In re Sealed Case No. 97-3112, 181 F.3d 128 (D.C. Cir. 1999) (“Having benefitted from en banc review, we are convinced by the Guidelines’ language, structure, and drafting history that the relevant departure factor is properly characterized simply as substantial assistance, that the government motion requirement constitutes a procedural limitation on its availability, and that the Sentencing Commission ‘did intend to preclude departures without [government] motions.’”) (Edwards & Tatel, JJ., concurring); (“I do not disagree with any part of the court’s thorough opinion affirming the district court. I write separately only to say that I think this is not nearly so close a case as the very thoroughness of the majority opinion might imply.”); (Sentelle, J., concurring) (“I wholeheartedly agree with the majority’s holding which disposes of this case with clarity and in full accord with the decisions of courts, including ours, that have ruled on the issue. I write separately to register my concern about the process leading up to the en banc affirmance of the district court—which process, I am convinced, disregarded our established procedure and, far worse, failed to honor the bedrock principle of stare decisis.”) (Henderson, J., concurring).

Hunter-Boykin v. George Washington Univ., 132 F.3d 77 (D.C. Cir. 1998) (“I concur in the court’s reasoning and judgment, save on one point. In my view, the disputed tolling agreement has only one reasonable interpretation: it suspended the running of the statute of limitations until the closing date named in the agreement, January 7, 1994. Thus, if Hunter-Boykin moves for summary judgment on remand, it appears that she should prevail as a matter of law on this point.”) (Edwards, J., concurring).

As before, it is possible that I have missed some cases, but the Westlaw search was pretty comprehensive: advanced: (dissenting concurring) & “judge garland” & DA(aft 03-20-1997 & bef 03-16-2016). Note, this search doesn’t pick up dissents from denials of rehearing en banc. I added Rancho Viejo from memory.

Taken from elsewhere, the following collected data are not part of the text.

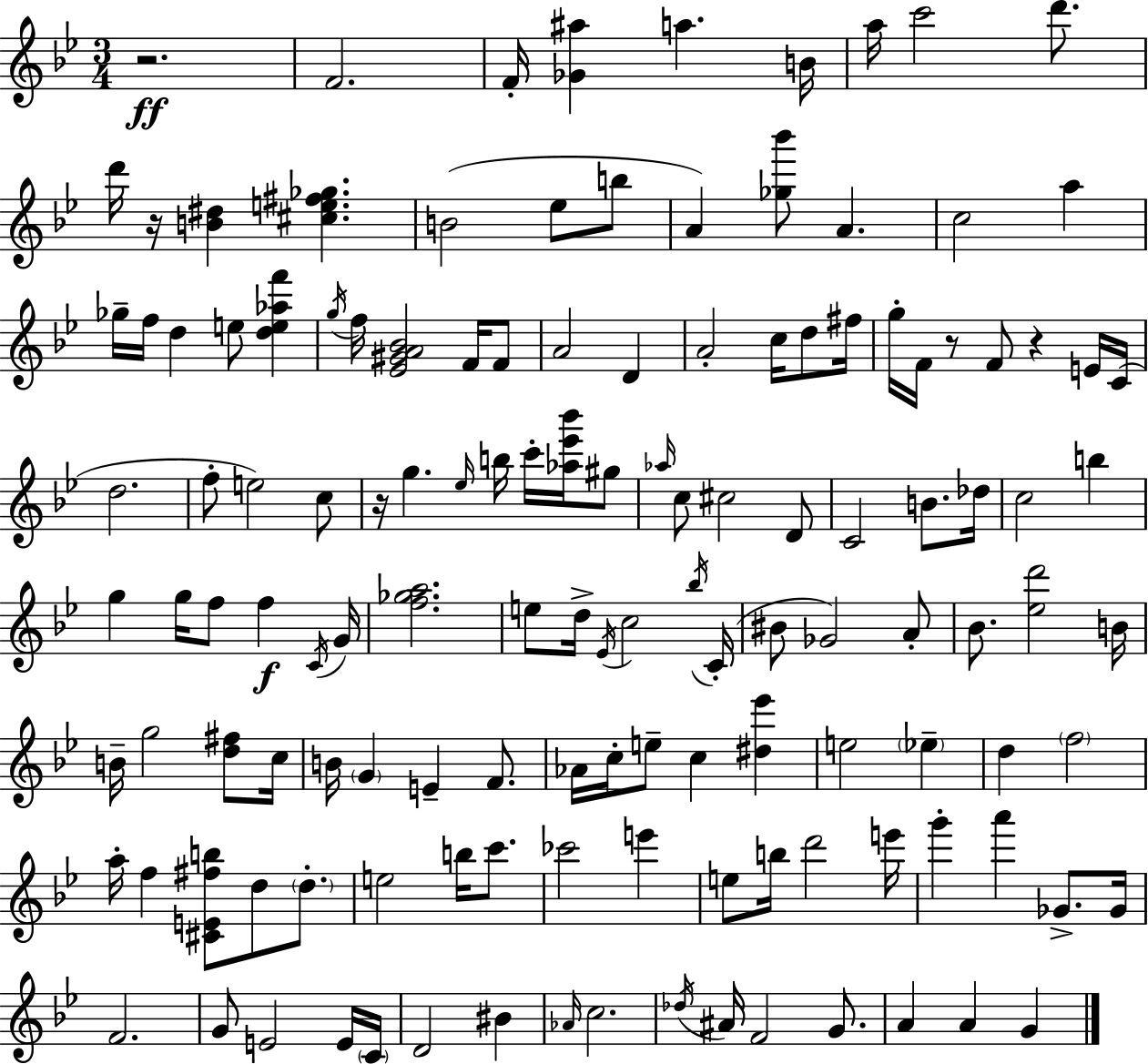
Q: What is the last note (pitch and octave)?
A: G4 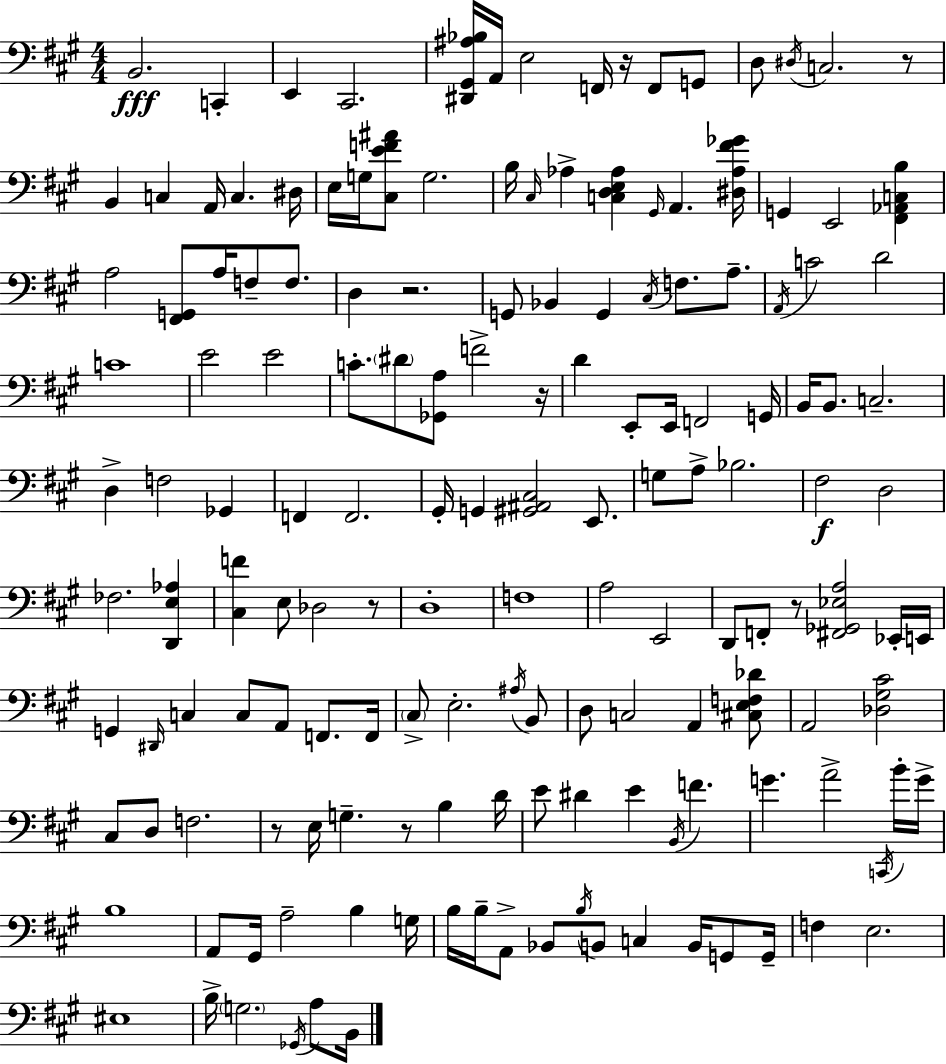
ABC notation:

X:1
T:Untitled
M:4/4
L:1/4
K:A
B,,2 C,, E,, ^C,,2 [^D,,^G,,^A,_B,]/4 A,,/4 E,2 F,,/4 z/4 F,,/2 G,,/2 D,/2 ^D,/4 C,2 z/2 B,, C, A,,/4 C, ^D,/4 E,/4 G,/4 [^C,EF^A]/2 G,2 B,/4 ^C,/4 _A, [C,D,E,_A,] ^G,,/4 A,, [^D,_A,^F_G]/4 G,, E,,2 [^F,,_A,,C,B,] A,2 [^F,,G,,]/2 A,/4 F,/2 F,/2 D, z2 G,,/2 _B,, G,, ^C,/4 F,/2 A,/2 A,,/4 C2 D2 C4 E2 E2 C/2 ^D/2 [_G,,A,]/2 F2 z/4 D E,,/2 E,,/4 F,,2 G,,/4 B,,/4 B,,/2 C,2 D, F,2 _G,, F,, F,,2 ^G,,/4 G,, [^G,,^A,,^C,]2 E,,/2 G,/2 A,/2 _B,2 ^F,2 D,2 _F,2 [D,,E,_A,] [^C,F] E,/2 _D,2 z/2 D,4 F,4 A,2 E,,2 D,,/2 F,,/2 z/2 [^F,,_G,,_E,A,]2 _E,,/4 E,,/4 G,, ^D,,/4 C, C,/2 A,,/2 F,,/2 F,,/4 ^C,/2 E,2 ^A,/4 B,,/2 D,/2 C,2 A,, [^C,E,F,_D]/2 A,,2 [_D,^G,^C]2 ^C,/2 D,/2 F,2 z/2 E,/4 G, z/2 B, D/4 E/2 ^D E B,,/4 F G A2 C,,/4 B/4 G/4 B,4 A,,/2 ^G,,/4 A,2 B, G,/4 B,/4 B,/4 A,,/2 _B,,/2 B,/4 B,,/2 C, B,,/4 G,,/2 G,,/4 F, E,2 ^E,4 B,/4 G,2 _G,,/4 A,/2 B,,/4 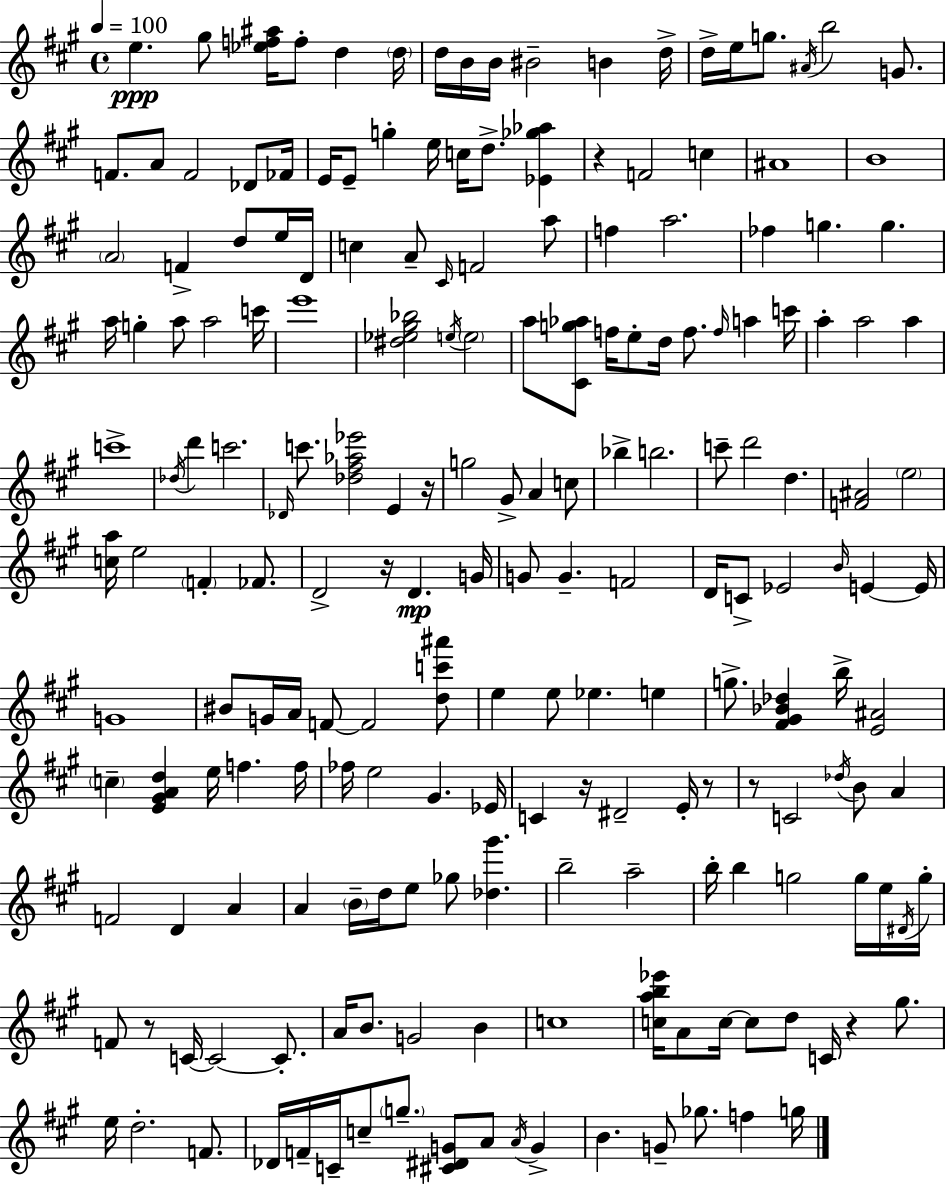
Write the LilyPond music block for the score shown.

{
  \clef treble
  \time 4/4
  \defaultTimeSignature
  \key a \major
  \tempo 4 = 100
  e''4.\ppp gis''8 <ees'' f'' ais''>16 f''8-. d''4 \parenthesize d''16 | d''16 b'16 b'16 bis'2-- b'4 d''16-> | d''16-> e''16 g''8. \acciaccatura { ais'16 } b''2 g'8. | f'8. a'8 f'2 des'8 | \break fes'16 e'16 e'8-- g''4-. e''16 c''16 d''8.-> <ees' ges'' aes''>4 | r4 f'2 c''4 | ais'1 | b'1 | \break \parenthesize a'2 f'4-> d''8 e''16 | d'16 c''4 a'8-- \grace { cis'16 } f'2 | a''8 f''4 a''2. | fes''4 g''4. g''4. | \break a''16 g''4-. a''8 a''2 | c'''16 e'''1 | <dis'' ees'' gis'' bes''>2 \acciaccatura { e''16 } \parenthesize e''2 | a''8 <cis' g'' aes''>8 f''16 e''8-. d''16 f''8. \grace { f''16 } a''4 | \break c'''16 a''4-. a''2 | a''4 c'''1-> | \acciaccatura { des''16 } d'''4 c'''2. | \grace { des'16 } c'''8. <des'' fis'' aes'' ees'''>2 | \break e'4 r16 g''2 gis'8-> | a'4 c''8 bes''4-> b''2. | c'''8-- d'''2 | d''4. <f' ais'>2 \parenthesize e''2 | \break <c'' a''>16 e''2 \parenthesize f'4-. | fes'8. d'2-> r16 d'4.\mp | g'16 g'8 g'4.-- f'2 | d'16 c'8-> ees'2 | \break \grace { b'16 } e'4~~ e'16 g'1 | bis'8 g'16 a'16 f'8~~ f'2 | <d'' c''' ais'''>8 e''4 e''8 ees''4. | e''4 g''8.-> <fis' gis' bes' des''>4 b''16-> <e' ais'>2 | \break \parenthesize c''4-- <e' gis' a' d''>4 e''16 | f''4. f''16 fes''16 e''2 | gis'4. ees'16 c'4 r16 dis'2-- | e'16-. r8 r8 c'2 | \break \acciaccatura { des''16 } b'8 a'4 f'2 | d'4 a'4 a'4 \parenthesize b'16-- d''16 e''8 | ges''8 <des'' gis'''>4. b''2-- | a''2-- b''16-. b''4 g''2 | \break g''16 e''16 \acciaccatura { dis'16 } g''16-. f'8 r8 c'16~~ c'2~~ | c'8.-. a'16 b'8. g'2 | b'4 c''1 | <c'' a'' b'' ees'''>16 a'8 c''16~~ c''8 d''8 | \break c'16 r4 gis''8. e''16 d''2.-. | f'8. des'16 f'16-- c'16-- c''8-- \parenthesize g''8.-- | <cis' dis' g'>8 a'8 \acciaccatura { a'16 } g'4-> b'4. | g'8-- ges''8. f''4 g''16 \bar "|."
}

* In The Loan Syndications and Trading Ass’n v. SEC, Judge Brown, joined by Chief Judge Garland and Judge Williams, concluded it lacked jurisdiction to review the Credit Risk Retention Rule, promulgated by a number of agencies pursuant to “the sprawling Dodd-Frank Wall Street Reform and Consumer Protection Act.” The panel explained that “[w]e have jurisdiction to hear petitions for direct review of agency action when Congress says so,” but that Congress did not say so here. Thus, although the court was sympathetic to the “state of suspense” imposed on regulated parties, it concluded that any “challenge on the merits will have to wait.” In United States ex rel Burke v. Record Press, Inc., Brian Burke brought a qui tam action against Record Press. In particular, Burke lost a lawsuit against the government, and when he was given a bill for the government’s briefing, he filed the qui tam action “alleging that Record Press had overcharged the government for the cost of preparing the briefing.” Yet both the government and Record Press agreed that the bill “accurately reflected the contract price.” Judge Srinivasan, joined by Judges Williams and Ginsburg, affirmed the district court’s judgment in favor of Record Press, but remanded for the district court to reconsider Record Press’s request for attorney’s fees.